At 5:59 PM -0500 2/24/06, John Kelsey wrote:
What we ultimately need is encryption and
authentication that are:

a.  Automatic and transparent.

b.  Add some value or are bundled with something that does.

c.  Don't try to tie into the whole horrible set of PKI standards in
terms of uniquely identifying each human and bit in the universe, and
getting them to sign legally binding messages whose full
interpretation requires reading and understanding a 30-page CPS.

We have the preamble and (a) already; the problem is that the preamble is insufficient. What we ultimately need is encryption and authentication *and validation of the authentication* that match at least (a).

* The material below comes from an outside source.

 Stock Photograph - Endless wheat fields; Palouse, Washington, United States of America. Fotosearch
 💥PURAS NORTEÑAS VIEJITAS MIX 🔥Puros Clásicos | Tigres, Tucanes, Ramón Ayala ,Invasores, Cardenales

Currently, it is the validation of the authentication that makes most users uninterested. When you get a message from Bob that comes with a warning that says "I cannot tell whether or not Bob really sent this", but you are sure that Bob actually sent that (due to some out-of-band knowledge), you lose faith in the system. When Bob has the same problem with your messages, you give up.

For signed personal mail, (b) and (c) may be mutually exclusive. Why sign your messages if you don't want to be held liable for their contents? How can you get the reward of integrity without the cost of responsibility?

Given those two hurdles, my hopes for authenticated mail near zero. I have some hopes for authenticated syndicated messages through Atom or RSS, but not this year. The hardest part there will be (c), but there are many environments where signing one-way mail is quite appropriate, particularly in replacing paper messages.

The demand for encryption of personal email is perpetually low. Without a legal requirement, it will probably always be a small niche market.